Problems also can arise in asking respondents to rate or rank product profiles. If the procedure is to work at all, study participants must rank or rate all the conjoint profiles. Sometimes rankings prove difficult. Looking at a series of 16 product profiles, most of us probably could select the one we like best and the one we like the least. We probably also would have little trouble identifying our second favorite and our next-to-least favored choices. It's harder to decide which should be ranked fifth or sixth. Forcing respondents to carefully rank or rate alternatives they would never choose can make the task imposed by conjoint somewhat different from real-world product selection behavior. And unfortunately, accurate rankings or ratings of all the product profiles are needed for conjoint analysis to provide meaningful results.
Discrete choice modeling avoids impossible combination and forced choice problems, while preserving - and even extending - the estimating power of conjoint. With DCM, respondents see products or services alongside competitive products in a series of market scenarios. They are asked to look at each scenario, and answer a simple question: If these were all the choices available, which would you choose, if any?
Once the respondent has done this, he or she simply goes on to the next scenario and makes the same simple decision. Figure 2 shows a sample DCM Scenario.
DCM's approach has several benefits, aside from posing a more realistic and natural task. Perhaps most importantly, the question asked is the question researchers care about most. The respondent makes a choice, decision or purchase, rather than just stating a preference. In addition to having a great deal of theoretical support, the DCM approach has high face validity with non technical (managerial) audiences.
Further, representations of brands can be customized to match marketplace reality. Each brand can have its own attributes and attribute levels. Attributes can vary for different brands. Several products with the same brand name can appear side by side in the scenarios, allowing for direct measurement of product line effects.
DCM can even be set up to have one or several products missing from some scenarios, which allows for the measurement of marketplace effects of product introduction or withdrawal.
DCM also handles certain experimental designs more easily than conjoint.
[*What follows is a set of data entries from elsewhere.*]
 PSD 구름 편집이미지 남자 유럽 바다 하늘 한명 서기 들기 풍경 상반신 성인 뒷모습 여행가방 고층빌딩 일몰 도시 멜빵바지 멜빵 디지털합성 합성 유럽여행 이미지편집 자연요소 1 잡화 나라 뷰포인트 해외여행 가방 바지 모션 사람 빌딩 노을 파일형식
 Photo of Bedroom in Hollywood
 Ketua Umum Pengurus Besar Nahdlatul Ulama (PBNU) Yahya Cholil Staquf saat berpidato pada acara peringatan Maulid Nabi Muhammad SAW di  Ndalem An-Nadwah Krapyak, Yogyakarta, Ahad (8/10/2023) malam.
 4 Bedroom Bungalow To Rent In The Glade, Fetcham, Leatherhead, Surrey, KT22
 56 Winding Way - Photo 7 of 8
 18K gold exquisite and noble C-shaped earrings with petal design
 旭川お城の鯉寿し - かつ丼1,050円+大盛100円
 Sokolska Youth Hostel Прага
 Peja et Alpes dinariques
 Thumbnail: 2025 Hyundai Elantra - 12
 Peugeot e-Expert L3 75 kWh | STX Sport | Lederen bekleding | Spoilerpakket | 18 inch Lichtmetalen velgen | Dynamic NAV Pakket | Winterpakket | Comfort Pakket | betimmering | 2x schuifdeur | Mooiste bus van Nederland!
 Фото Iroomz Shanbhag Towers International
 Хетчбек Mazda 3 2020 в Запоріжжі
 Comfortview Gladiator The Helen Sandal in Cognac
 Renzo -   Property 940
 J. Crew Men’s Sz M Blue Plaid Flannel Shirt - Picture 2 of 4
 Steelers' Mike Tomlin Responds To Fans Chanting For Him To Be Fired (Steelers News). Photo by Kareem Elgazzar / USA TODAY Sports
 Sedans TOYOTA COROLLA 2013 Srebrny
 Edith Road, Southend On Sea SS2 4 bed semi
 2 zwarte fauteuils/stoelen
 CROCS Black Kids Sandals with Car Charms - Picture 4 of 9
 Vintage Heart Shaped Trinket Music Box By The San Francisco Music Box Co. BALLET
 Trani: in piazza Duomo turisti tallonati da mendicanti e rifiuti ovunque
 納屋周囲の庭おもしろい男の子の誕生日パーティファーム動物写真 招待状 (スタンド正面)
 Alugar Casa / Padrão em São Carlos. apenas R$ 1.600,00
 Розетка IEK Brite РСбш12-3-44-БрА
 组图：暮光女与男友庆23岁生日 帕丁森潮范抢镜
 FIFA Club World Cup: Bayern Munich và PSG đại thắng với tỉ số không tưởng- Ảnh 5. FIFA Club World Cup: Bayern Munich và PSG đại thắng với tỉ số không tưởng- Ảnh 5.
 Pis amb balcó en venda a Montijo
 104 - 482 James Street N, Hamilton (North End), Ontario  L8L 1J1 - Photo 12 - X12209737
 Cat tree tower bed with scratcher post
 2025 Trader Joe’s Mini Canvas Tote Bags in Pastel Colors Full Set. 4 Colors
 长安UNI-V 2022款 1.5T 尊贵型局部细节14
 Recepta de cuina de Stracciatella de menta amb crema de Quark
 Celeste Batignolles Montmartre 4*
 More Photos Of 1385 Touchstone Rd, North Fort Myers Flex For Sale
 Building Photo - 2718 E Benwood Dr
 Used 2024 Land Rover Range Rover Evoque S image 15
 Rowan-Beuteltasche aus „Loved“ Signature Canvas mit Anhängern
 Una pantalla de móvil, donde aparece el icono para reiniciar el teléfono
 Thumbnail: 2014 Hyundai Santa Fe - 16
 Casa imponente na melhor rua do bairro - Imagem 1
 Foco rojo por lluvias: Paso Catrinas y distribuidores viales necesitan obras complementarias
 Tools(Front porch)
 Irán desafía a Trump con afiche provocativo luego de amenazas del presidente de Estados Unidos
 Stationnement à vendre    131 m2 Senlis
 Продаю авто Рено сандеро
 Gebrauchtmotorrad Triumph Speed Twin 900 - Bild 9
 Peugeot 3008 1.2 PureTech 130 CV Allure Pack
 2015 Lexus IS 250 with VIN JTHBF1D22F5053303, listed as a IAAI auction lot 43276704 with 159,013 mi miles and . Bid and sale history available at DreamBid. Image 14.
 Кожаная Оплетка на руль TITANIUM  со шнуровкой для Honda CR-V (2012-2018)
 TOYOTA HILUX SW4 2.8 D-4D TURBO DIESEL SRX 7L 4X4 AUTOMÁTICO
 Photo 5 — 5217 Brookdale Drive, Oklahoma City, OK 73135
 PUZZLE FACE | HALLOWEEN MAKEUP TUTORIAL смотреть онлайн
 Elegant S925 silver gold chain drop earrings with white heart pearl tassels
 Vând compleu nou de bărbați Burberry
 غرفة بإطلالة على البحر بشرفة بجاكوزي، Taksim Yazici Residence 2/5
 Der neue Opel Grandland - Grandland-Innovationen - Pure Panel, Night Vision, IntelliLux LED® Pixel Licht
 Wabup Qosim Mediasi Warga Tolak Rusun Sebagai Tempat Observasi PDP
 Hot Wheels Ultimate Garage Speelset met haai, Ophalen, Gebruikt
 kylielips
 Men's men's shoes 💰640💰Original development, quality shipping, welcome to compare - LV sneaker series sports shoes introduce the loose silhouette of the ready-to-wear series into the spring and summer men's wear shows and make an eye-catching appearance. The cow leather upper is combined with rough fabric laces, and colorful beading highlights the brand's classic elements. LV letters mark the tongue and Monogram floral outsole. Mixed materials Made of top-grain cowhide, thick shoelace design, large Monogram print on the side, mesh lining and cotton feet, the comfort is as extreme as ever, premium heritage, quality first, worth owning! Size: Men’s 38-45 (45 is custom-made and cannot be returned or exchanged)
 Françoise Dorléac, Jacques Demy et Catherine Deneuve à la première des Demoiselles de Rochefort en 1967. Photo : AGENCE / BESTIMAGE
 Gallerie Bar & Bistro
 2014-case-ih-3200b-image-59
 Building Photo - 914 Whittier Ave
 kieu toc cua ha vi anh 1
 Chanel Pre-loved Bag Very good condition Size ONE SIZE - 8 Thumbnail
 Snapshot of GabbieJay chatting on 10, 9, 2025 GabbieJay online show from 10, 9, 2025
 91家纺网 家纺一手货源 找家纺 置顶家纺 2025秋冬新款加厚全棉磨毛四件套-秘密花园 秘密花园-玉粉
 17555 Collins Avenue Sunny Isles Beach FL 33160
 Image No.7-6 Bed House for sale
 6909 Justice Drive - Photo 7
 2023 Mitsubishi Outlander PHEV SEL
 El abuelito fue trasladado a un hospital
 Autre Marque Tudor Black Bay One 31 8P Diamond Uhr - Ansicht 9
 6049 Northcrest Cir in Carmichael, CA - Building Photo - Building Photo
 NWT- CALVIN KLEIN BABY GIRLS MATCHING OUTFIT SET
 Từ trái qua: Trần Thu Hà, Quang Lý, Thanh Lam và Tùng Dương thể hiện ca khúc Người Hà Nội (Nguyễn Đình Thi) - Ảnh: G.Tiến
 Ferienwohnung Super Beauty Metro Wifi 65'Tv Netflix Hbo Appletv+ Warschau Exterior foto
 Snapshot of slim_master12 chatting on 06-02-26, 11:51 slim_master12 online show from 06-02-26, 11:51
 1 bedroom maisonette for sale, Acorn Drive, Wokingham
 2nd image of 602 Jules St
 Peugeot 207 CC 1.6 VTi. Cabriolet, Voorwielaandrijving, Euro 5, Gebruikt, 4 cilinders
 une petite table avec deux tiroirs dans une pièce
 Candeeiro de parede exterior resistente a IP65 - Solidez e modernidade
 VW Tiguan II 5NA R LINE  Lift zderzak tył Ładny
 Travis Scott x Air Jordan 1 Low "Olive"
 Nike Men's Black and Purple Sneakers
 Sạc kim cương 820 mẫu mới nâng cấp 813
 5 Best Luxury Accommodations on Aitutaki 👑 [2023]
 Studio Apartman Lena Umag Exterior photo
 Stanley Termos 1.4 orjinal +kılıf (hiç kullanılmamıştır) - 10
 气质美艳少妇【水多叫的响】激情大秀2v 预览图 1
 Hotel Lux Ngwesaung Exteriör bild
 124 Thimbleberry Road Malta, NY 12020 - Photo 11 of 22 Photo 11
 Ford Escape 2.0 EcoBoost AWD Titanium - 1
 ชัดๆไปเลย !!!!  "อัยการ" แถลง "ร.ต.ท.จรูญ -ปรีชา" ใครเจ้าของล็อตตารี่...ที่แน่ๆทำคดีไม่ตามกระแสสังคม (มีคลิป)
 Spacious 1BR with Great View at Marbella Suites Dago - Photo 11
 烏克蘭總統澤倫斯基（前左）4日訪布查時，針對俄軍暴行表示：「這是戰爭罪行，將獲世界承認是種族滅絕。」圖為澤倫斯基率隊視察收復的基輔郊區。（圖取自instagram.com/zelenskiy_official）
With DCM, many products can share one large experimental design, or each product can have its own conjoint-style design. Products can share experimental designs (for instance, two experimental designs can be split among six products). Very large designs (requiring, say, 32 or 64 product scenarios) can be fractionalized (split apart) very easily; the downside is that fractionalization requires larger samples. However, it is still much easier than the complex gyrations required when splitting conjoint designs, which tend to become messy and produce less than ideal results.
With large enough samples, you can even use random designs with DCM. With DCM, random designs do not have the exact formulations of experimental designs. Instead, they put levels of attributes together in a different random configuration for each respondent. Sawtooth Software's CBC product does this.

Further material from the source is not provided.